Study material:
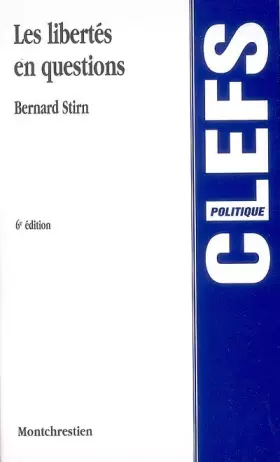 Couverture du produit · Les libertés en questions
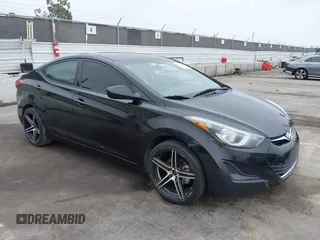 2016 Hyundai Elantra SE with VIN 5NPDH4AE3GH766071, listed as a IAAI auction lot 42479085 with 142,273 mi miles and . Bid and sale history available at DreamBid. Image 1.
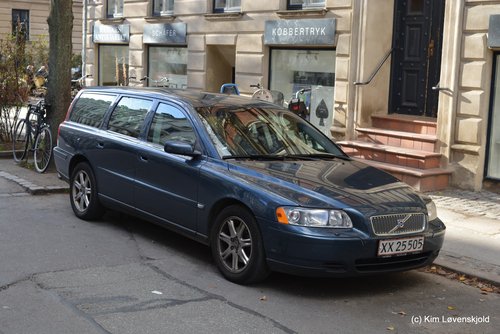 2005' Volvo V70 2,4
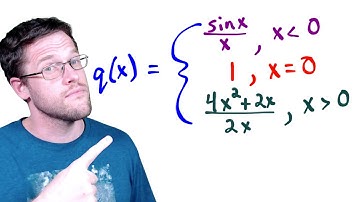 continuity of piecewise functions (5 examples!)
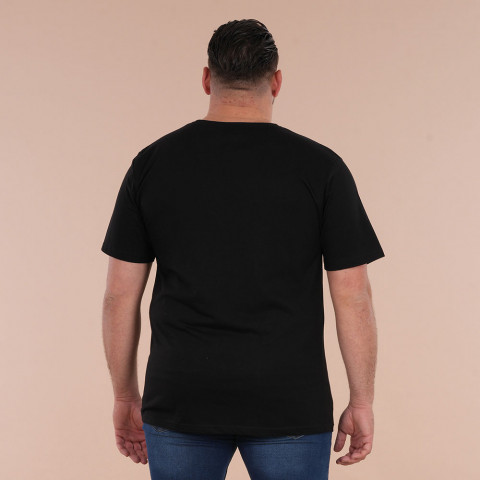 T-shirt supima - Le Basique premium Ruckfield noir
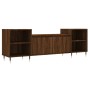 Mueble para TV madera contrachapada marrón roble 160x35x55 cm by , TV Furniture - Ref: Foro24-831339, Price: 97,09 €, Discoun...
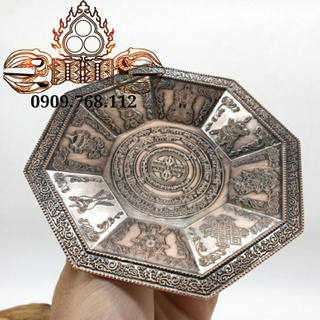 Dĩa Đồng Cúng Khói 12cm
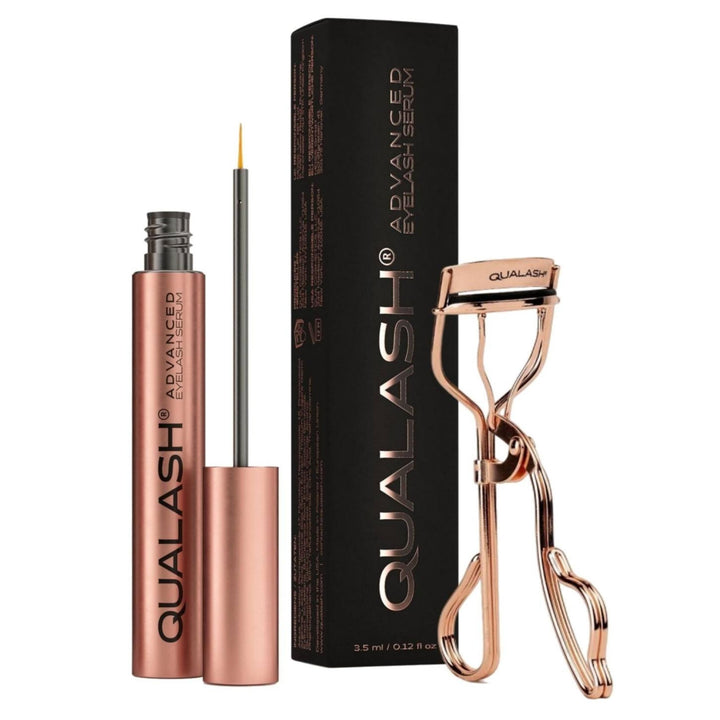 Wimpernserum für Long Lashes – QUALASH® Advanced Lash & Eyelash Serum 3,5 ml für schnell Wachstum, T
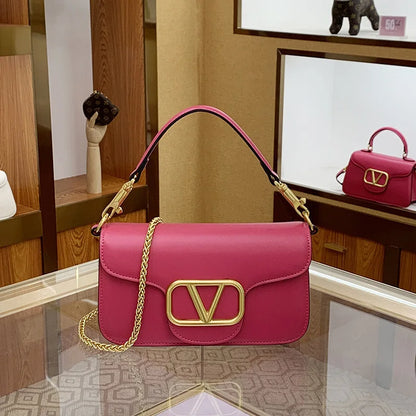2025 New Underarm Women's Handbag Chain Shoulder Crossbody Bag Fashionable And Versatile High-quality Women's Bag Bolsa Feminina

==

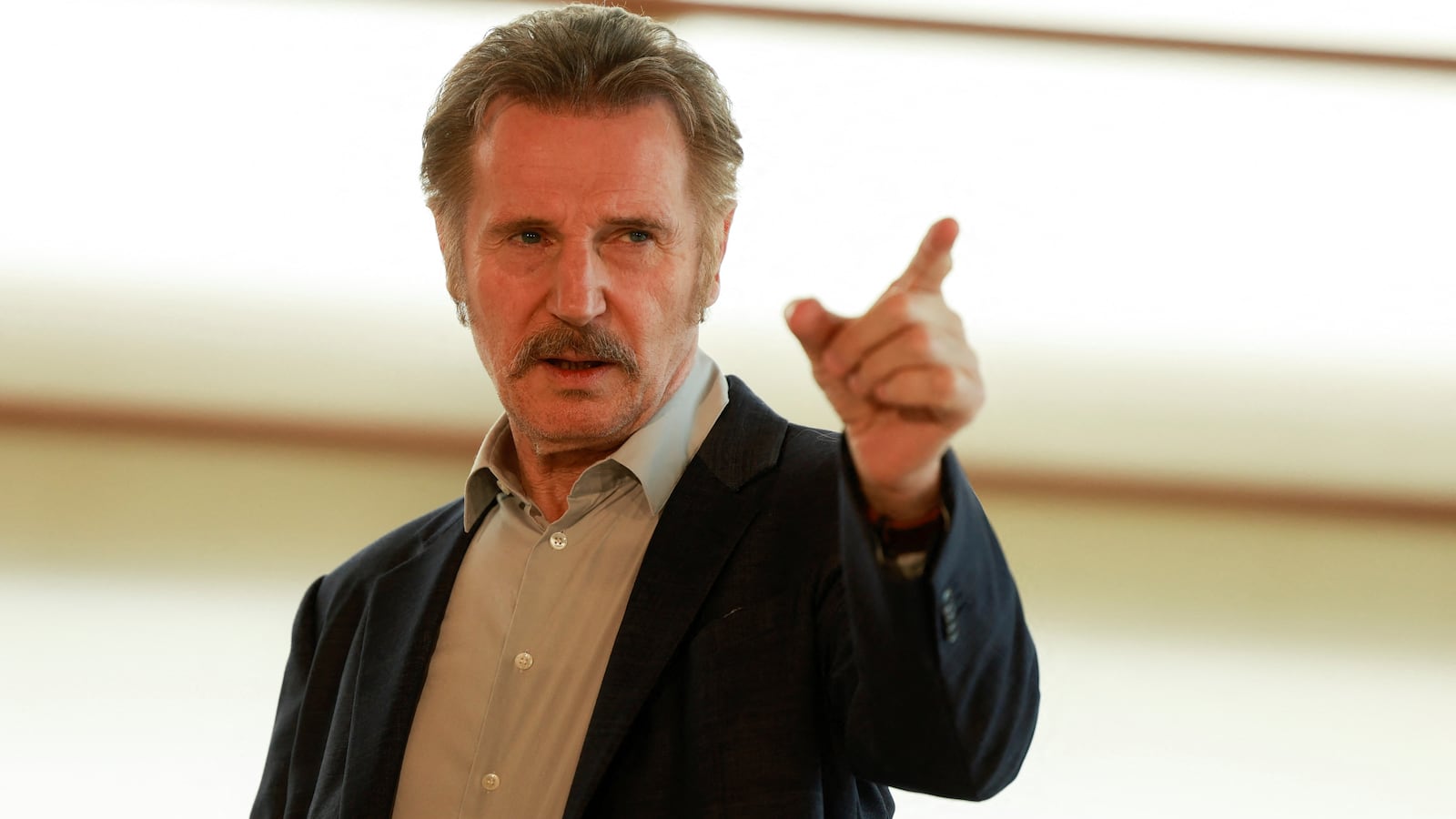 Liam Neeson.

...

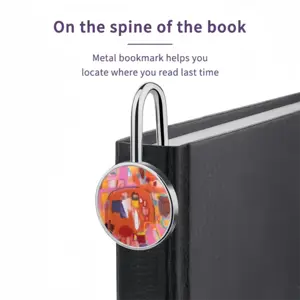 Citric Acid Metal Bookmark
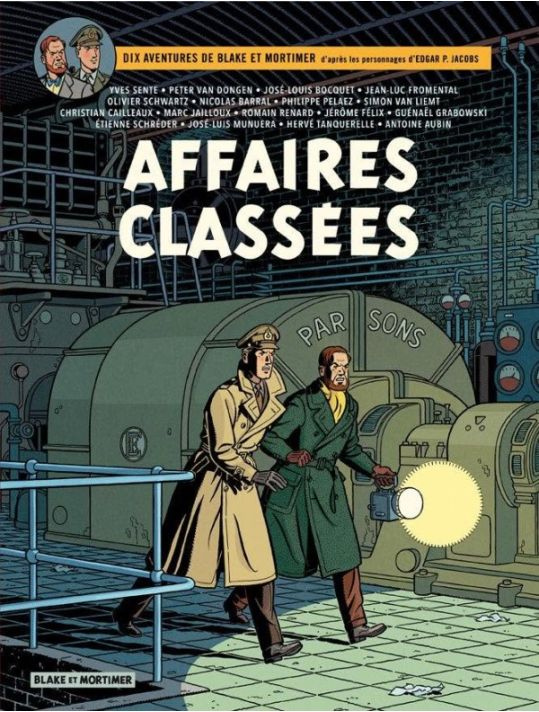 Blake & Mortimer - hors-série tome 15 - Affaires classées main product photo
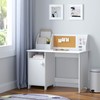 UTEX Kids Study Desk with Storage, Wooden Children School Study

Work to complete: Take the material above and output only the lines from the one that contains "T-shirt supima - Le" through the one that contains "2025 New Underarm", ends included and images left out.

Exercise response:
 T-shirt supima - Le Basique premium Ruckfield noir
 Mueble para TV madera contrachapada marrón roble 160x35x55 cm by , TV Furniture - Ref: Foro24-831339, Price: 97,09 €, Discoun...
 Dĩa Đồng Cúng Khói 12cm
 Wimpernserum für Long Lashes – QUALASH® Advanced Lash & Eyelash Serum 3,5 ml für schnell Wachstum, T
2025 New Underarm Women's Handbag Chain Shoulder Crossbody Bag Fashionable And Versatile High-quality Women's Bag Bolsa Feminina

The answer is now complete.